REQUIRED ACTION :: Each line that holds the word "расклешенные" counts once; give the total for the records below and nothing else.

Records excerpted from a collection ::
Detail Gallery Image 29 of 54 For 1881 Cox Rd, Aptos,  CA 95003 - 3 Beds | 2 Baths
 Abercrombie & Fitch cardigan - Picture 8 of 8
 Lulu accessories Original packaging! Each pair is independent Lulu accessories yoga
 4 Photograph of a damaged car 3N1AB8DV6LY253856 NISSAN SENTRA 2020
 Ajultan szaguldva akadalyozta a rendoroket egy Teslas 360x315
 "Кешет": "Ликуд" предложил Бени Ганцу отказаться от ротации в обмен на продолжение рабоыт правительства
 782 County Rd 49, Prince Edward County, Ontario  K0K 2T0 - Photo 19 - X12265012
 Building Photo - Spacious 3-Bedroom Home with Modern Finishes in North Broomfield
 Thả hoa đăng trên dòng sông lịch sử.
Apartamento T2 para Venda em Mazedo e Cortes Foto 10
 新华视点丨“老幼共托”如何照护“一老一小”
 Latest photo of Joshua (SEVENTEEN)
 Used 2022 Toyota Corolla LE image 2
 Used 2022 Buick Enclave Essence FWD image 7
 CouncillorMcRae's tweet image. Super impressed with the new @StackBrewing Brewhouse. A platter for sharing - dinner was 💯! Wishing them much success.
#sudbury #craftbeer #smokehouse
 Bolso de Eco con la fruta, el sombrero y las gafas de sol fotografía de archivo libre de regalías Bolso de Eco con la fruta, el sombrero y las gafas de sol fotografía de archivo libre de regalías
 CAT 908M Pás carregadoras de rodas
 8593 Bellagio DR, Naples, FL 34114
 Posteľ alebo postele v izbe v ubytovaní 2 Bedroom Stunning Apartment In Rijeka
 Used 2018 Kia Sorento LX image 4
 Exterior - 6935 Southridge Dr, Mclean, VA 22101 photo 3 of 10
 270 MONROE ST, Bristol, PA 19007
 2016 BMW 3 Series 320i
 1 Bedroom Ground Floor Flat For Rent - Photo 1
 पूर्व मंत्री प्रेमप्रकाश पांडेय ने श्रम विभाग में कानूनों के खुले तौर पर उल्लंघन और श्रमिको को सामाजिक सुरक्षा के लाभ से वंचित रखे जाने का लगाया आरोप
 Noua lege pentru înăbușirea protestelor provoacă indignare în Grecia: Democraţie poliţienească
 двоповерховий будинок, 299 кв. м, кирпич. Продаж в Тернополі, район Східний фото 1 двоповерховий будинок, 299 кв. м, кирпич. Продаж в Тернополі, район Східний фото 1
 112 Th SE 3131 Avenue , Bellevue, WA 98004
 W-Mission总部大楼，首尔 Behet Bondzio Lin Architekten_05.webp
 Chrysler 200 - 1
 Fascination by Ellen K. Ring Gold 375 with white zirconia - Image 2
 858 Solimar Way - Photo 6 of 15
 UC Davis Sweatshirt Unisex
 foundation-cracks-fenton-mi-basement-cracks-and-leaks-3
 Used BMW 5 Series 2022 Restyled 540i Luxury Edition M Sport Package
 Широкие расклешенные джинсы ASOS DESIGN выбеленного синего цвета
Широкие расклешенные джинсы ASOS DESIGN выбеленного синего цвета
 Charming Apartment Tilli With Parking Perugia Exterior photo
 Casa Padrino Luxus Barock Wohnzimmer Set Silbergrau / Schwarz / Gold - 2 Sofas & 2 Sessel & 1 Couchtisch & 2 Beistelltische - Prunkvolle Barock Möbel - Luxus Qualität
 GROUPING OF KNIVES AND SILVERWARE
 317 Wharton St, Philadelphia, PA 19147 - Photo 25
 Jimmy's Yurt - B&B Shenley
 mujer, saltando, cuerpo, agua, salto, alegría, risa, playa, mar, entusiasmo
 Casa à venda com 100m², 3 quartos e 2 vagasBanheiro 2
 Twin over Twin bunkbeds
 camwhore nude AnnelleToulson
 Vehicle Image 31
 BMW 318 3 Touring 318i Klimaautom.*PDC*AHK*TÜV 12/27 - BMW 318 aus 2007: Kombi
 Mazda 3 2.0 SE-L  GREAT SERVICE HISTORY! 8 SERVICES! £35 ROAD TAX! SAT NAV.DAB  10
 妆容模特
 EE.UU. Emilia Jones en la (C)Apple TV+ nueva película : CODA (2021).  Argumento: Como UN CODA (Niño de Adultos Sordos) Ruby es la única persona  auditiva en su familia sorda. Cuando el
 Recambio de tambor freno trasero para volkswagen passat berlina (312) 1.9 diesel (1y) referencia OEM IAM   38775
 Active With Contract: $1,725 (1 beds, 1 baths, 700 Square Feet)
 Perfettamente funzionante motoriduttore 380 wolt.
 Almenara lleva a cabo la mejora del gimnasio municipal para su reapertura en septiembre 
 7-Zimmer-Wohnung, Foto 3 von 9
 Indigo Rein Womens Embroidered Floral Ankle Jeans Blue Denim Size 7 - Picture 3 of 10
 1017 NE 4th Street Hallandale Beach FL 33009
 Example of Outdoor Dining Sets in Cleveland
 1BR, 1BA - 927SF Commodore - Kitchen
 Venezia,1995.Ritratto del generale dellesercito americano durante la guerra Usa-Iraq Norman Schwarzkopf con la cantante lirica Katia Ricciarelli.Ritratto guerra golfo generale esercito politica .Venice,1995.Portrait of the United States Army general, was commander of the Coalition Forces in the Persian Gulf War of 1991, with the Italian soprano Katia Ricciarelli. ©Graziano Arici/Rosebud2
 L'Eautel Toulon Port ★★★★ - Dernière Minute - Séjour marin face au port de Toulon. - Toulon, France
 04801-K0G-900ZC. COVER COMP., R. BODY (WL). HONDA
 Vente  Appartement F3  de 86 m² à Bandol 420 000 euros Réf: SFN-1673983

WORKED SOLUTION :: 2